Increased vital signs monitoring should ideally strengthen the afferent limb of resuscitation and improve patient outcomes. In our study, the afferent limb of resuscitation was weakened by a median frequency of vital signs measurement of only ≤1.1 per day. In contrast, if the WHO's IMAI guidelines were followed, some patients would have had 24 BP measurements in the first day of admission [13], [14]. Given our findings, such a high frequency of vital signs monitoring may not be feasible in similarly resource constrained settings. In our study, only 14% of patients received 3 BP measurements in the first 24 hours.

Despite the relationship between monitoring frequency and mortality, there was a disconnect between the afferent and efferent limbs of resuscitation. For example, patients with a high respiratory rate had an increased risk of death and were monitored more frequently, but received no more fluids than the rest of the study population. Additionally, patients with lower admission BP or a high CRB-65 score received more fluid than the rest of the study population, but the volume of fluid given was small and they experienced similar mortality as those with higher admission BP. We interpret these findings to mean that clinicians were able to identify patients at risk of death but they were unable to prevent the progression to death through available interventions.

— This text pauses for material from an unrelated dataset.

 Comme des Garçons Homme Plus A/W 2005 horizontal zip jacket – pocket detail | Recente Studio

There are several possible reasons for the low frequency of vital signs monitoring in our study. First, intensive monitoring requires both human and material resources that are rarely available in resource-limited settings. Since we retrospectively diagnosed study patients with severe sepsis, clinicians may also not have been aware at the time of admission that patients had severe sepsis and required close monitoring. Even if patients were diagnosed with sepsis, those who presented with higher BPs were less likely to receive intravenous fluids. Clinicians may have thought these patients were clinically stable and did not require close monitoring or fluid resuscitation. Patients with normal BPs may have had other indicators of poor perfusion which were not detected in this resource-limited setting due in part to the lack of laboratory infrastructure [22]. For example, serum lactate is associated with mortality in severe sepsis independent of organ failure and overt shock [23]. A previous study from Uganda showed that point-of-care whole blood lactate testing predicted mortality in patients with severe sepsis [24].

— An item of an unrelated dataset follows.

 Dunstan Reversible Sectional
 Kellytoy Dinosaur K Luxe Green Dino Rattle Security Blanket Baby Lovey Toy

Important predictors of mortality included CRB-65 score, number of organ failures, admission respiratory rate, anemia, and HIV infection.

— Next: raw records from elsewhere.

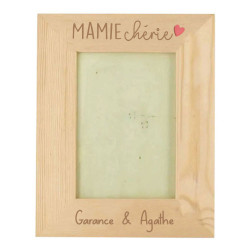 Cadre photo en bois - Mamie...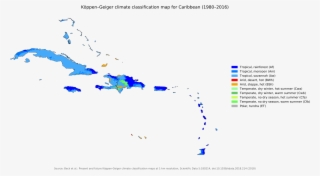 Koppen-geiger Map Caribbean Present - Diagram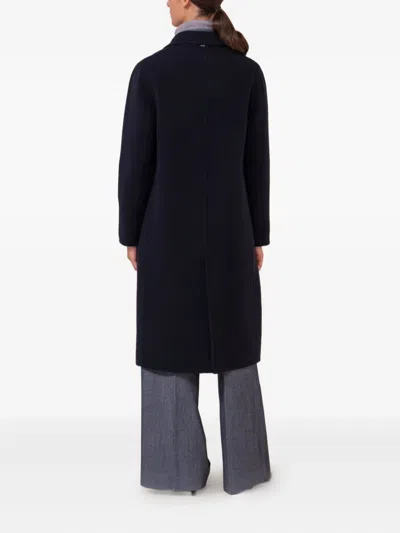 Fedeli Double-breasted Coat In Black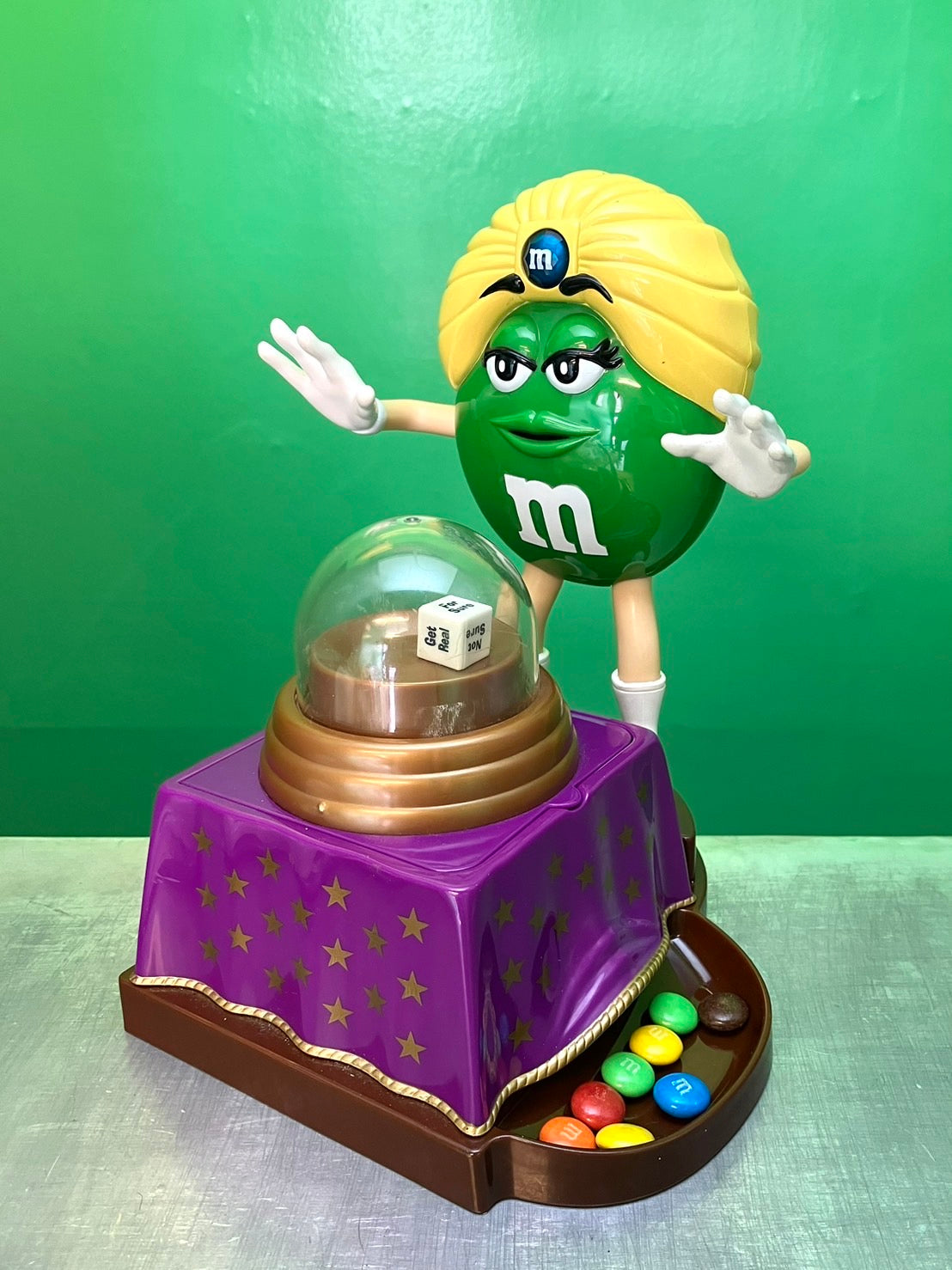 Mars・M&M's・Fun Fortunes Chocolate Candy Dispenser / エムアンドエムズ・ファン フォーチュン ディスペンサー・占い師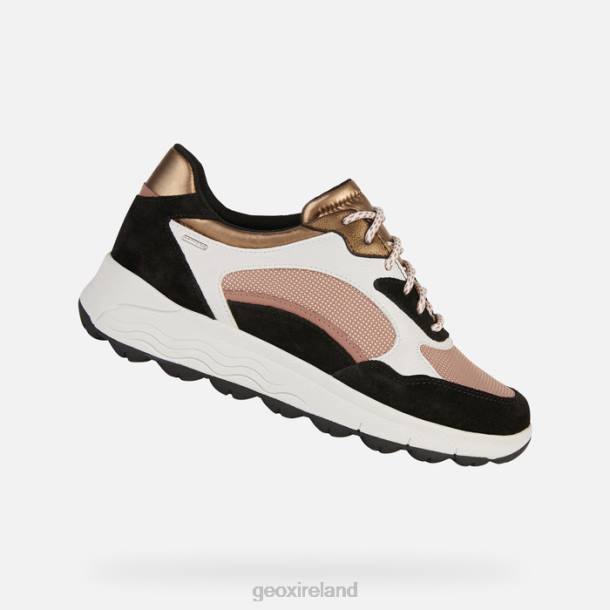 Geox 0ZTB195 Black/Dark Rose Spherica 4X4 Abx Woman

This study did have limitations. Several patient charts were not available for review, so some patients admitted with severe sepsis during the investigated time period could have been missed. However, this was not expected to result in bias as the reason for missing charts was unlikely to be related to the frequency of vital signs monitoring or mortality. The low frequency of monitoring limited our ability to interpret the observed association between vital signs monitoring and mortality. Nonetheless, our findings reveal important deficiencies in the monitoring and resuscitation of patients with severe sepsis.

Conclusions

Clinicians in areas with a high burden of infection and limited resources are frequently faced with critically ill patients with severe sepsis and septic shock. A high degree of suspicion for severe sepsis is needed for timely resuscitation of these patients. In this study, patients who eventually succumbed to sepsis raised a higher level of clinical concern at admission as evidenced by higher monitoring rates, but deficiencies in both the afferent and efferent limbs of resuscitation may have led to poor outcomes. A monitoring strategy that employs resource appropriate clinical early warning scores such as CRB-65 may help clinicians in austere environments to identify patients with severe sepsis that require rapid interventions. Accordingly, we recommend further study of predictors of severe sepsis at admission, the association between close monitoring and death, and the optimal monitoring rate for patients with severe sepsis. Although monitoring throughout hospitalization is important, given the precipitous rate of mortality observed in our study, a focus on the immediate post-admission period should be emphasized.